Resisting change vs. desiring stability
We’ve long been told humans resist change because we fear the unknown. Dealing with and overcoming resistance to change is how we often frame our most pressing business challenges. We all know the frustrations of executives trying to move their employees in new directions or “change agent” employees trying to persuade their reluctant bosses.
One person’s resistance to change, however, is another person’s desire for stability. There’s a difference. Seeking stability doesn’t automatically mean resisting change. Consider, Haidt says, the gods Vishnu the preserver and Shiva the destroyer, two of the three gods in the Hindu trinity (along with Brahma the creator). The worship of stability (Vishnu) and change (Shiva) are foundational in one of the world’s great religions.

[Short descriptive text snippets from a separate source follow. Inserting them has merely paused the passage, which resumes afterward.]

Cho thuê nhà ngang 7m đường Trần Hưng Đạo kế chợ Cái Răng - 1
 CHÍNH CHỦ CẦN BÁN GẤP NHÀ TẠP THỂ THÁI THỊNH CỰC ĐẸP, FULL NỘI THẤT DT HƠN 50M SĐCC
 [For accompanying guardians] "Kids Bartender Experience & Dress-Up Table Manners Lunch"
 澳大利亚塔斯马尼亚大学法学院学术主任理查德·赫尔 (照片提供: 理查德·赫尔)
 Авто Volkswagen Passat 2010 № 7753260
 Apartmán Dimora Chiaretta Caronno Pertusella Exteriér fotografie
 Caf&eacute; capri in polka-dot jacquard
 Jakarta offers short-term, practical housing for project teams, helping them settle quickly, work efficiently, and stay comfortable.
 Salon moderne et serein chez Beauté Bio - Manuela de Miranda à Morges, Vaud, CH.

In other words, change and stability, far from being enemies, need each other to create a world that’s whole. Or a business in balance.
The liberal narrative
I’d like to think sustainability is an apolitical issue. Still, Haidt’s liberal-conservative characterization helps explain why liberals dominate sustainability gatherings. We love talking about changing the world. It excites us. Gives us purpose. We’re driven to undo all the damage humans and institutions have done to each other and the environment. And we believe our arguments for change are unassailable: How can anyone ignore global warming, decimated ecological systems, the rich-poor divide? Things have to change.
That’s our narrative. And we’ve had some success in spreading its message. More and more businesses are awakening to their social and environmental responsibilities. If Walmart, of all companies, can enjoy acclaim among environmentalists for its sustainability leadership, positive change must indeed be occurring.
Still, the case for sustainability remains a murky work in progress. The disappointing Copenhagen talks proved how divided our world leaders remain on the actions and timetables needed to prevent the worst of climate change (there’s that word again). And despite some high-profile exceptions, business leaders have been slow to see the light of sustainability.
A balanced approach
We’ll reach and influence more people by attending to both sides of the sustainability equation: change and stability. When making the case for sustainability, especially in the realm of business, try speaking less to the need for change and more to the benefits of stability and order.
Demonstrate to executives how the adoption of sustainable business practices lessens the likelihood of disruptive change by creating more resilient organizations. Prove to employees that sustainable practices create a more secure work place. And show customers how your products and services respect their innate desire for reliability and dependability — while doing no harm.
Yes, achieving sustainability requires change. And it produces stability. We’d do well to remember both.
Special thanks to friend Thomas Joseph Doherty for pointing me to Haidt’s video.